Starting at the line that contains "Alfombra Beige 160 x 2,7 x 230 cm" and stopping at the line that contains "Healthy Hide Good'n'Fun®", restate each line of the records below exactly. Omit the pictures.

MATERIAL PROVIDED –
----------

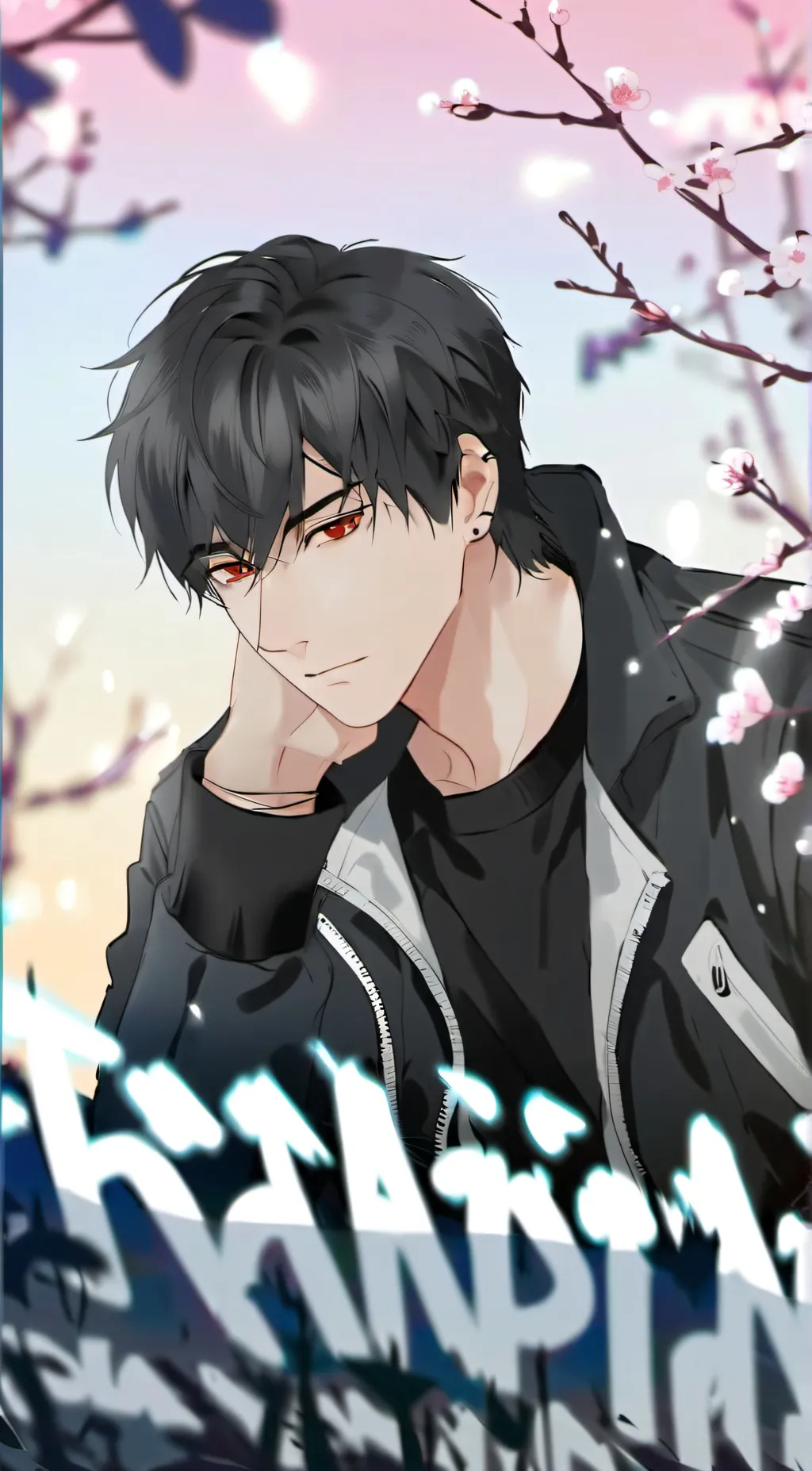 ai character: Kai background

----------

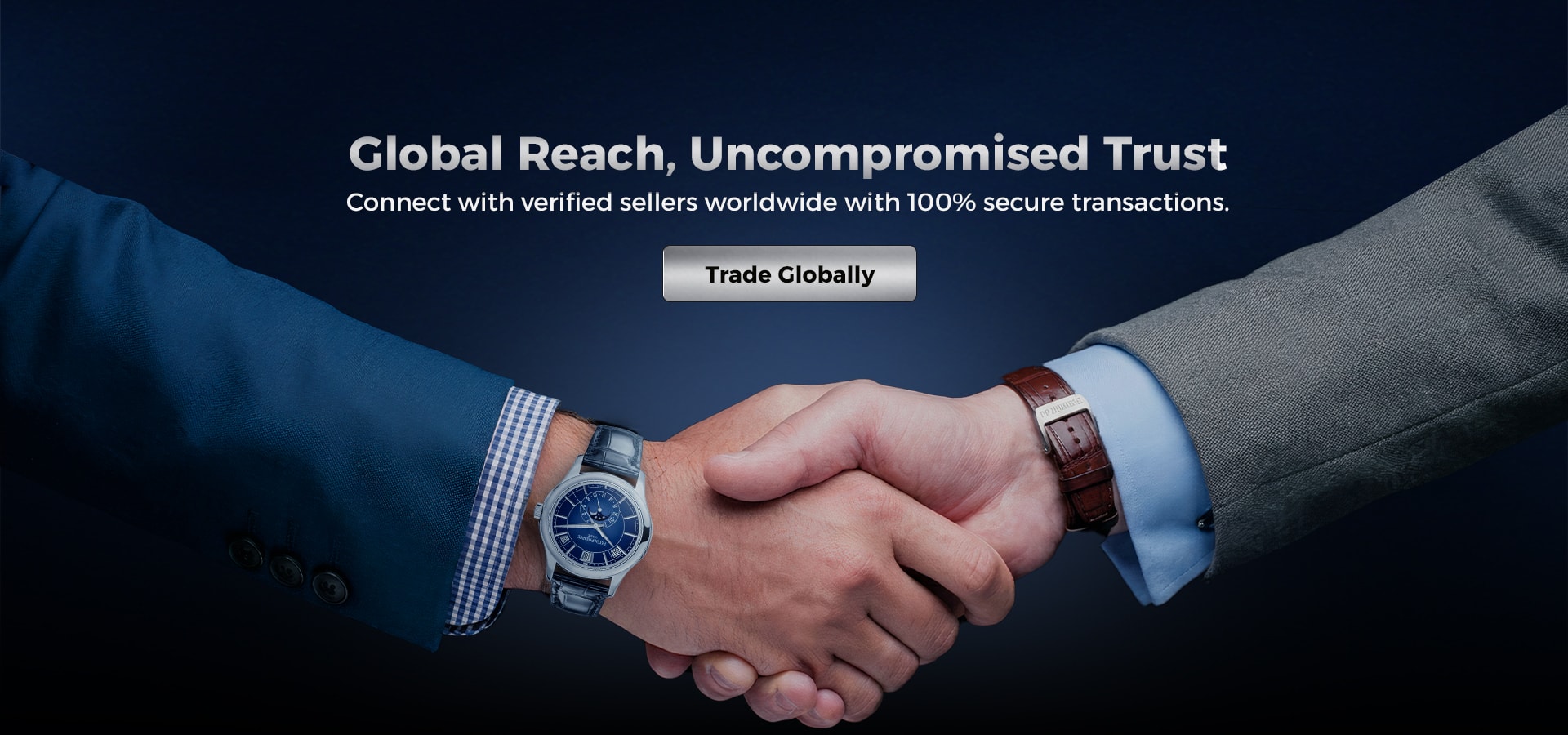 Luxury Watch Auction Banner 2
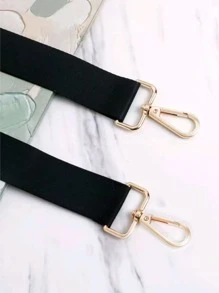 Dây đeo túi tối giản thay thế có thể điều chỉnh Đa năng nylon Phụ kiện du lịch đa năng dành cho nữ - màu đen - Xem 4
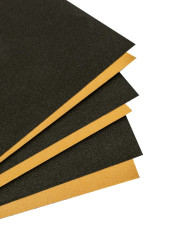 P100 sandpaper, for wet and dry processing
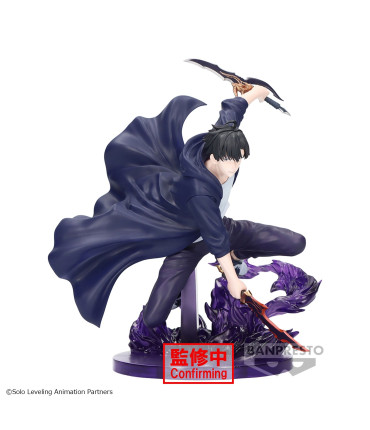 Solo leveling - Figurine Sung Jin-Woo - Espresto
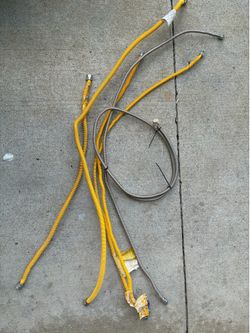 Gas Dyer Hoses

----------

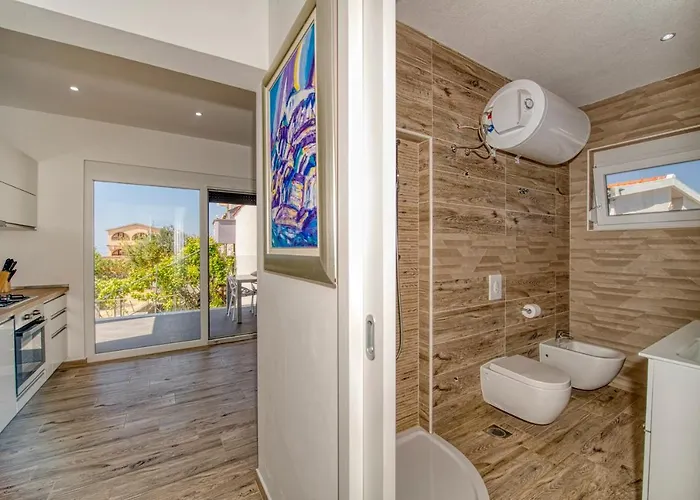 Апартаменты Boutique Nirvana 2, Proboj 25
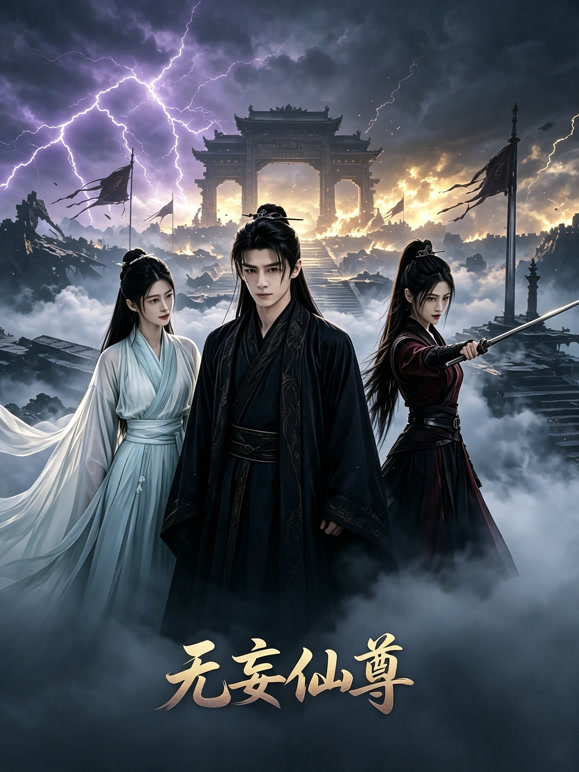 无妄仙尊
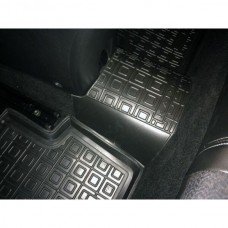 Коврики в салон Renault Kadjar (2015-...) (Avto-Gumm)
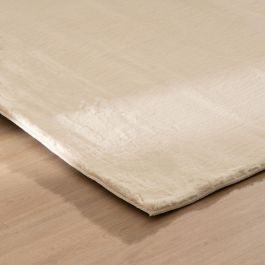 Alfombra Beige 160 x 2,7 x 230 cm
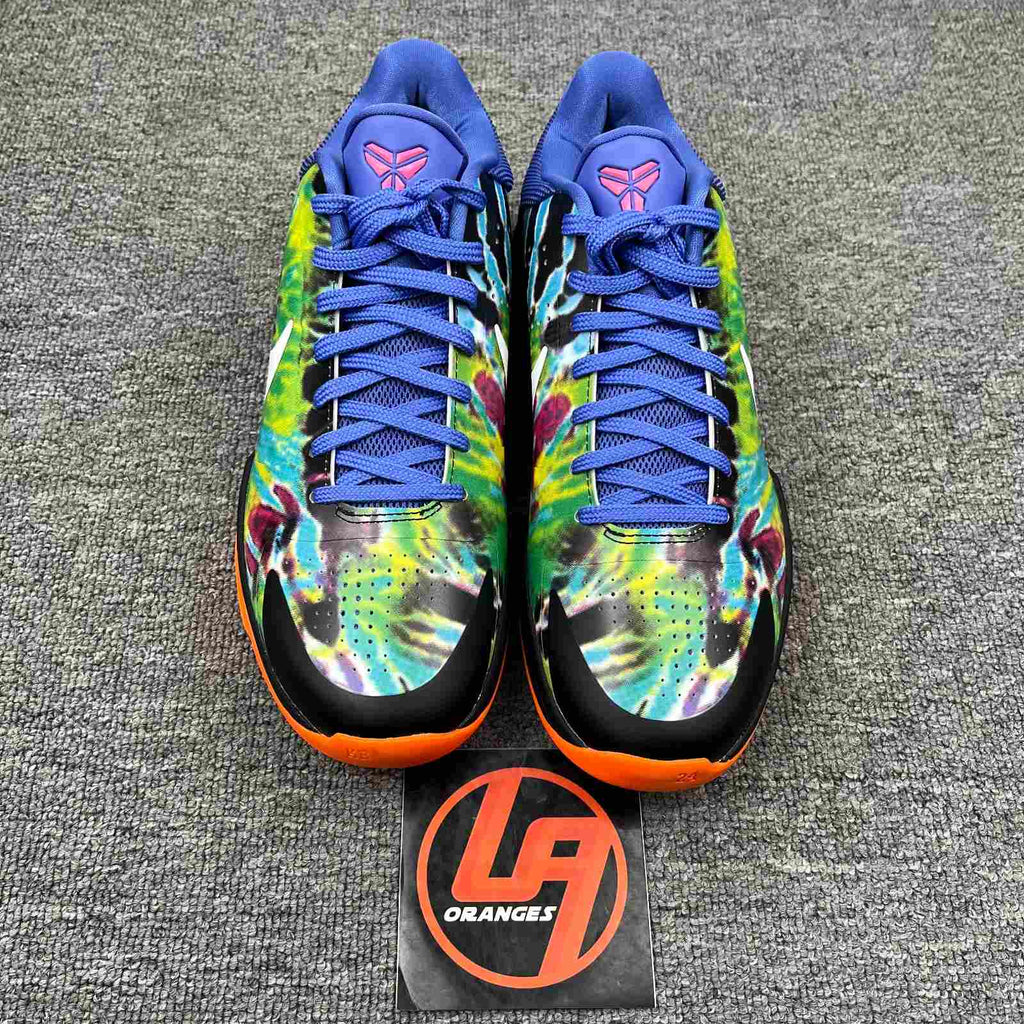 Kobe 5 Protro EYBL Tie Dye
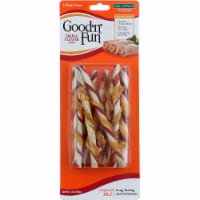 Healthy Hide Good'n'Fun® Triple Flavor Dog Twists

----------

EXPECTED ANSWER –
 Alfombra Beige 160 x 2,7 x 230 cm
 Kobe 5 Protro EYBL Tie Dye
 Healthy Hide Good'n'Fun® Triple Flavor Dog Twists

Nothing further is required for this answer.